In Croatia you can operate a boat with an engine up to 5 kW (about 6.8 HP) without any licence. These are small open boats from 4 to 6 metres — perfect for half a day or a day in calm sea, not ideal for crossings of exposed channels. From Rab a small boat fits more into a day than people assume, but there are limits worth knowing before you test them.
## What's reachable on a small boat
Goli Otok is a 30–50 minute crossing depending on conditions. You land at the small jetty, walk on your own through abandoned barracks, stone quarries and prison fences. Bring water and footwear — the landing is exposed and the island has no shade. You leave with a heavy impression, which is the point of going.
Sveti Grgur sits right next to it. The water there is more swimmable, the coves are calmer, and the island isn't as historically heavy. Goli plus Sveti Grgur fits a single day if you start in the morning.
The coves around Lopar — San Marino, Sahara, Stolac — are easier. From the sea you can see beaches that get crowded from the road side; you can land where fewer people are and have your own piece of coast. Suha Punta and the Frkanj peninsula have coves sheltered from the bura coming from the north and great for snorkelling.
The northern bays of Pag (Caska, Vlašići) are only feasible on a genuinely calm day. The channel between Rab and Pag is exposed and the bura can pick up suddenly in the afternoon. If you're not sure, postpone or go around the other side of the island.
## What doesn't fit
Krk, Cres, the western coast of Pag — all of those need more engine power and a Category B boat licence (or higher). If you want to go there, take a skippered charter instead of dragging 5 kW across an open channel. The skipper drives; you watch.
## Before you leave
Check the forecast. `prognoza.hr` is the standard local source; Windy.com gives a visual read on wind direction and strength. The bura on Rab's eastern side can climb in a couple of hours and make the ride miserable. If the forecast shows gusts above 15 knots, don't head to Goli Otok.

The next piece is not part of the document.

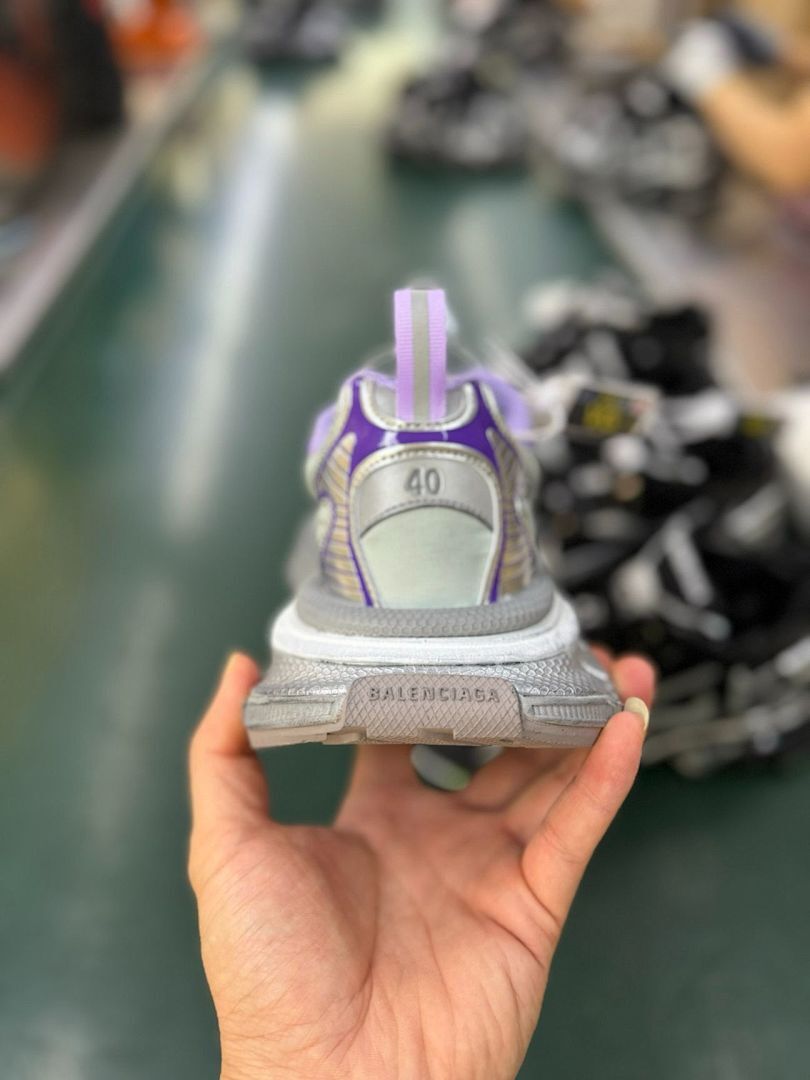 Balenciaga 3XL Trainer Metallic Silver Purple (2325 VG)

Tell someone your route. Phone charged, offline map downloaded, GPS on. Most operators provide life jackets and a short safety briefing — if yours doesn't, pick another. Check the fuel before you leave; some tanks are three litres short and that's a 20-minute oar paddle home.
## Permits and fees
No special licence is needed for engines up to 5 kW. Some nature parks (like Telašćica far south) charge an entry fee, but nothing within day-trip range from Rab does. Anchoring in small coves is free, but be considerate in season — keep distance, don't drop anchor on a posidonia seagrass meadow, and don't blast music from a speaker across the whole cove. The island remembers.
## Best months
Late May through end of September. July and August are the loudest; reserve at least 24 hours ahead, especially for weekends. Operators rotate season to season — check the current list on Rabinsider or ask your host before chasing a name you saw somewhere.